There was another layer of sentimentality wrapped up here as well; this was my last class at the college. I will be moving on to another position next year, and, for me, this last moment would be my goodbye not only to these students, but also to to the college where I was fortunate to connect with so many wonderful students.

Here is what I came up with. I am partly embarrassed to reveal this sappy stuff beyond my classroom, but I offer it as a suggestion of ways that you might honor the community you’ve built with your semester and leave your students a memorable moment to take away from your time together.

Dear [GO THROUGH THE ROOM AND NAME EACH STUDENT],

 Thank your for your hard work this semester. For your courage to speak up when you’d rather stay quiet. Thank you for the late nights you spent writing, reading, thinking. Thank you for bringing your energy and enthusiasm into this room every [DAYS OF CLASS]. Thank you for your questions, for pushing me to rethink my assumptions, because you have.

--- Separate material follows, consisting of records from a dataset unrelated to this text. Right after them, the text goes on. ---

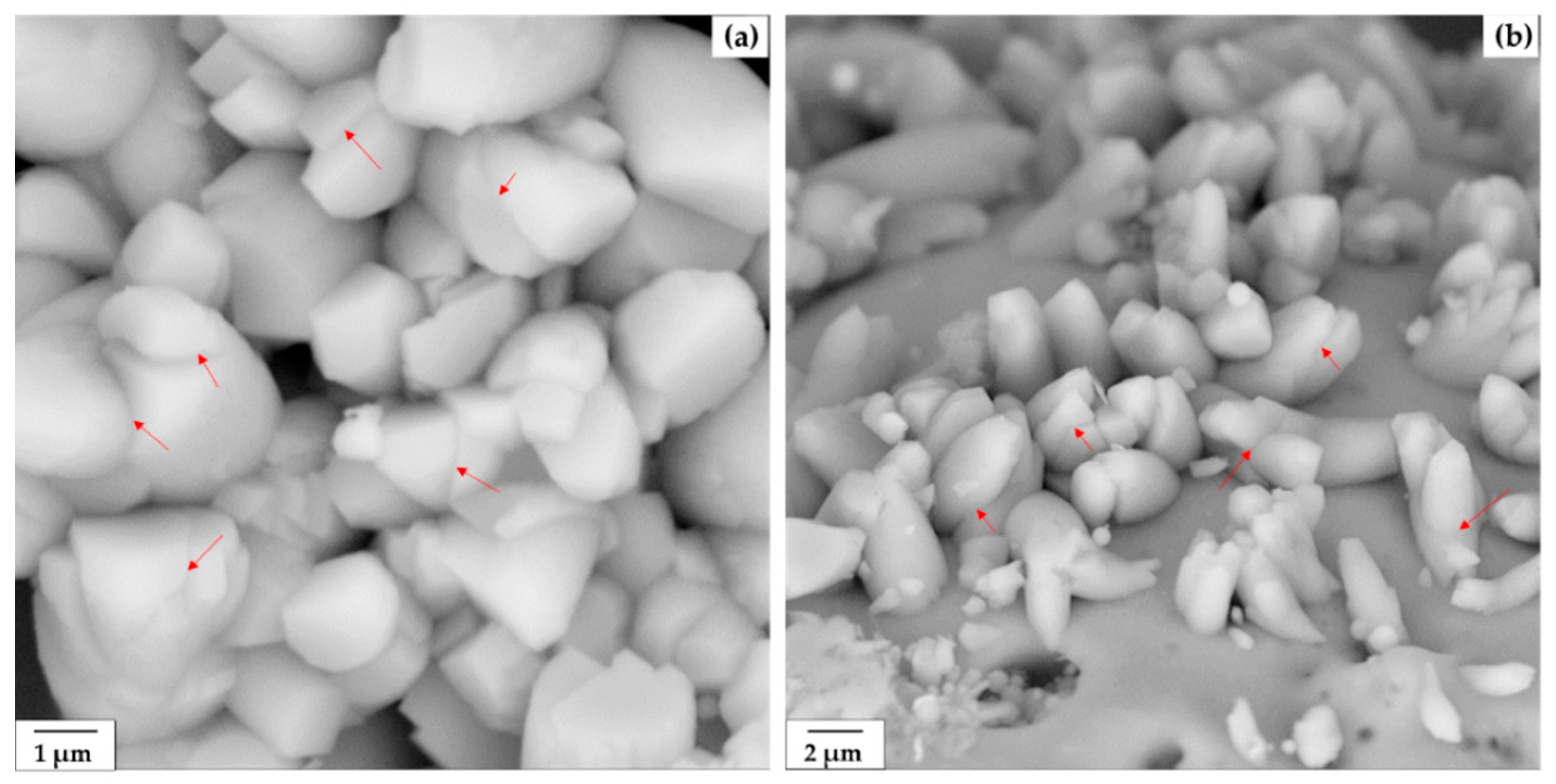 Crystals 11 00919 g009 550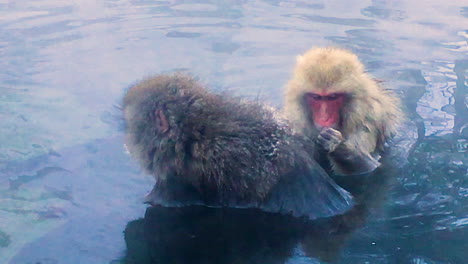 couple monkey sitting in hot spring cleaning each other at snow monkey park japan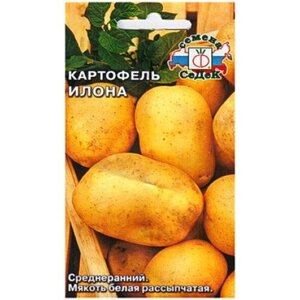Картофель Илона 0.02 гр ( Не клубни !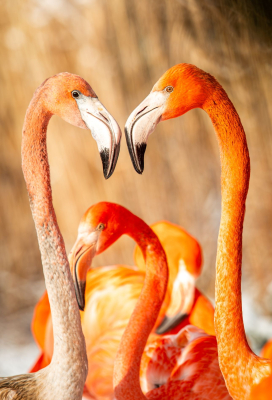 flamingi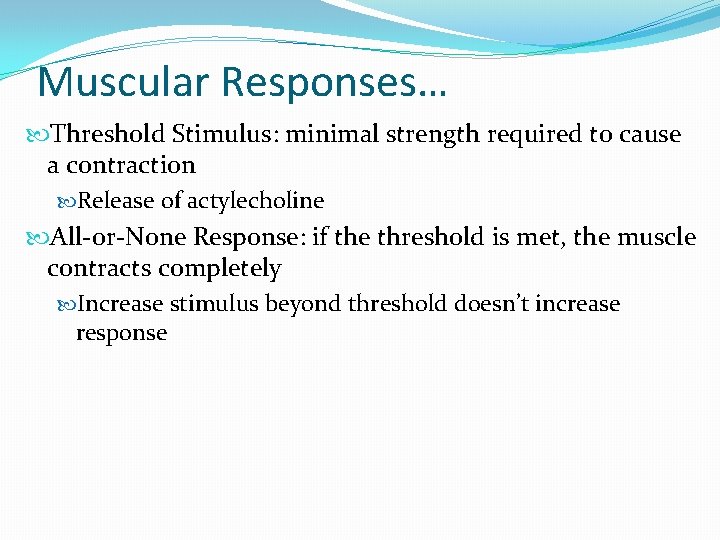 Muscular Responses… Threshold Stimulus: minimal strength required to cause a contraction Release of actylecholine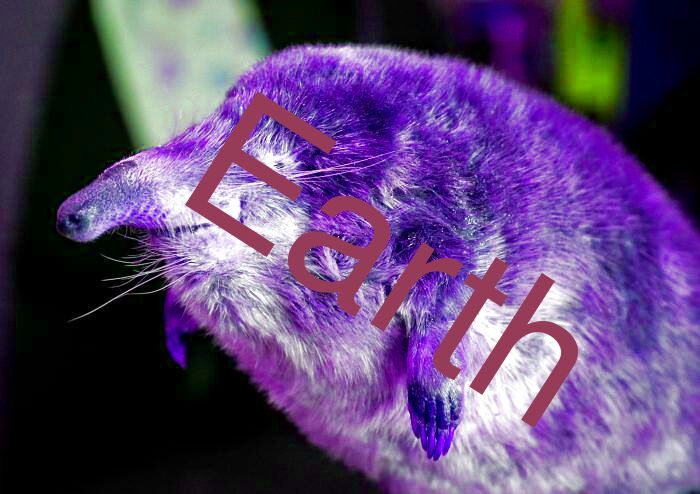 Earth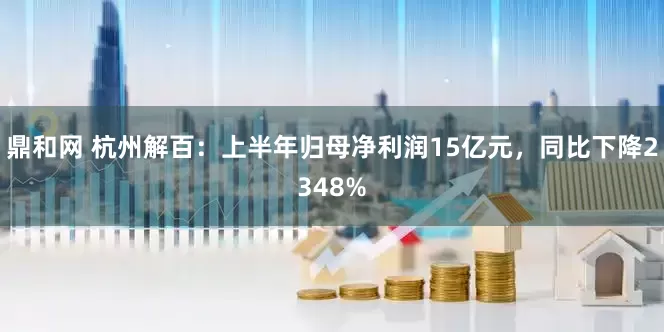 鼎和网 杭州解百：上半年归母净利润15亿元，同比下降2348%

Thank you for your creativity. Grading papers is hard, occasionally annoying, and even sometimes depressing. But reading new, insightful ideas is exhilarating. And you had many of these ideas. Thank you for coming to my office, rescuing me from my own research and inviting me to share more about history and about how we can learn.

I’m sorry for the moments when I was a jerk. Some of those moments were intentional. I wanted to push you outside of your comfort zone and snap some of you out of your apathy. Some of these moments were just because I can be a jerk. If I erred on the side of aggressiveness this semester, I did so with the goal of inspiring you to learn. But I apologize nonetheless.

I also apologize for all the dumb jokes. Thanks again for indulging me. I have had a lot of fun in this room with you.

I wish you the best with the rest of your education, which I hope lasts your lifetime. My goal this semester was to encourage your curiosity, your intellectual courage, and your ability to think critically.

I hope you continue to grow intellectually and morally. I believe history has a moral function. It takes us out of ourselves and connects us to one another. It can teach us who we are. Why we think what we think.  Why we feel what we feel. History has made me a more compassionate person. That’s right, I used to be even worse than this! History has showed me that my experience is not everyone’s experience. But it has also shown me that I am not so terribly unique that I cannot relate to others, even those who seem so different from me. I hope you caught a bit of this as well. I hope you will continue asking questions. Continue to try to see the world through eyes other than your own. Continue to wrestle with the question about what is the universal human experience, and what is the product of your particular circumstances. Your age, your gender, your sexuality, your race, your class, and your upbringing.  I hope you continue seeking to connect with others. Both in the present and in the past.

 You all are great, and again, thank you; I wish you all the best.

Thanks also to our TUSH readers. We will see you again next spring!